Tuesday, November 25, 2014

Chapter 45: Mistakes in the oratory


Anyone who makes a mistake in a psalm, responsory, antiphon or reading must have the humility to make immediate reparation there before all the community in the oratory. A failure to do that so clearly shows lack of the humility to put right a fault which was due to carelessness that it must incur a more severe punishment. (From Ch. 45 of Saint Benedict's Rule, trans. by Patrick Barry, OSB, 1997.)

I'm sorry for my failures of inattention, for my failures of humility and love. Thank God I'm not expected to be perfect, but to be open to being full of faith.

Monday, November 24, 2014

Chapter 44: The reconciliation of those excommunicated


Anyone who is excommunicated from the refectory only for a less serious fault should perform the same act of reparation in the oratory until permitted to cease; the superior brings this penance to an end by giving a blessing and saying 'that is enough'. (From para. 2 of Ch. 44 of Saint Benedict's Rule, trans. by Patrick Barry, OSB, 1997.)

I think the power behind the words "that is enough" is that of forgiveness and personal growth, when a time of sorrow must become a time of new life.

Sunday, November 23, 2014

Chapter 43: Late-comers for the work of God or in the refectory (paragraphs 4-5)


In the refectory all must come to table together so as to offer their grace together as one community. (From para. 4 of Ch. 43 of Saint Benedict's Rule, trans. by Patrick Barry, OSB, 1997.)

Saint Benedict relates gratitude and oneness -- it seems to me that gratefulness is best experienced through the relationship of love.

Saturday, November 22, 2014

Chapter 43: Late-comers for the work of God or in the refectory (paragraphs 1-3)

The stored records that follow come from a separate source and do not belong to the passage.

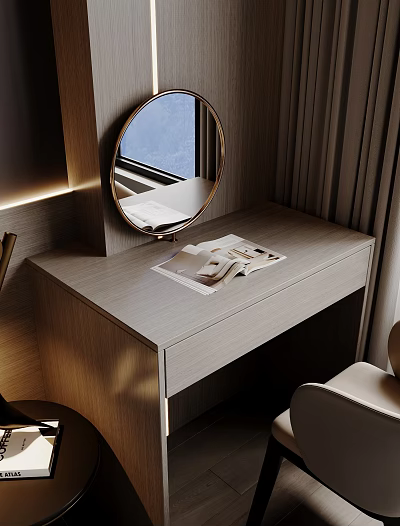 Modern Dressing Table With Round Mirror Showing Window View And Open Magazine On Wooden Surface 3d model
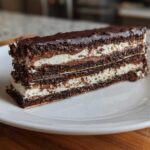 A rich slice of Lazy Cat Cake showing layers of dark chocolate crumb, white cream, and chocolate ganache topping.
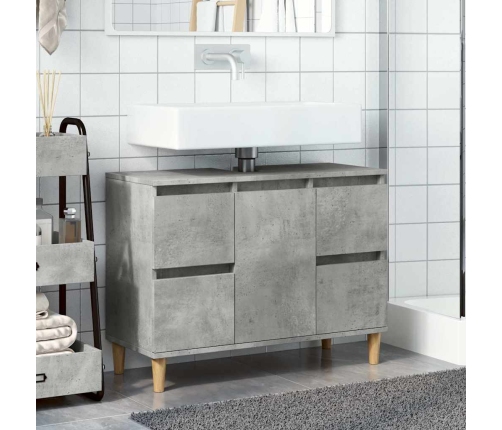 Armario de lavabo madera contrachapada gris hormigón 80x33x60cm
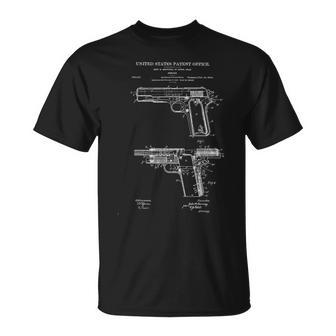 1911 Retrointage Handgun Chart Blue Break Pistol 45Acp T-Shirt - Geschenkecke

When the time comes for one of the divine offices to begin, as soon as the signal is heard, everyone must set aside whatever they may have in hand and hurry as fast as possible to the oratory, but of course they should do so in a dignified way which avoids giving rise to any boisterous behaviour. The essential point is that nothing should be accounted more important than the work of God. (Para. 1 of Ch. 43 of Saint Benedict's Rule, trans. by Patrick Barry, OSB, 1997.)

Soundlessly and selflessly I turn to God. The more I do so, the more rediscover peace.

Friday, November 21, 2014

Chapter 42: The great silence after Compline


Silence should be sought at all times by monks and nuns and this is especially important for them at night time. (From para. 1 of Ch. 42 of Saint Benedict's Rule, trans. by Patrick Barry, OSB, 1997.)

"Lead us into that mysterious silence where Your love is revealed to all who call." These words of the opening prayer call me to attention and call me to heart-centeredness. The practice of meditation moves me gradually toward experiencing life from the silent place in my heart.

Thursday, November 20, 2014

Chapter 41: The times for community meals


The principle is that the superior should manage everything so prudently that the saving work of grace may be accomplished in the community and whatever duties the community undertakes they may be carried out without murmuring. (From para. 1 of Ch. 40 of St. Benedict's Rule, trans. by Patrick Barry, OSB, 1997.)

Benedict feeds me with more than a meal: He gives meaning and substance to my days, urging me to co-create with God in blessing the world with opportunities for grace.

Wednesday, November 19, 2014

Chapter 40: The proper amount of drink to be provided


St Paul says that each of us has a special gift from God, one kind for one of us and quite a different one for another. That reflection makes me reluctant to decide on the measure of food and drink for others. (From para. 1 of Ch. 40 of Saint Benedict's Rule, trans. by Patrick Barry, OSB, 1997.)

Benedict's discussion of gifts from God, in relation to the proper amount of drink, surprises me. I understand self-control to be a fruit of the Spirit. But whether gift or fruit, perhaps the discernment of how to live my life in a way which makes me most consistently open to the selfless praise of God, is what he's talking about.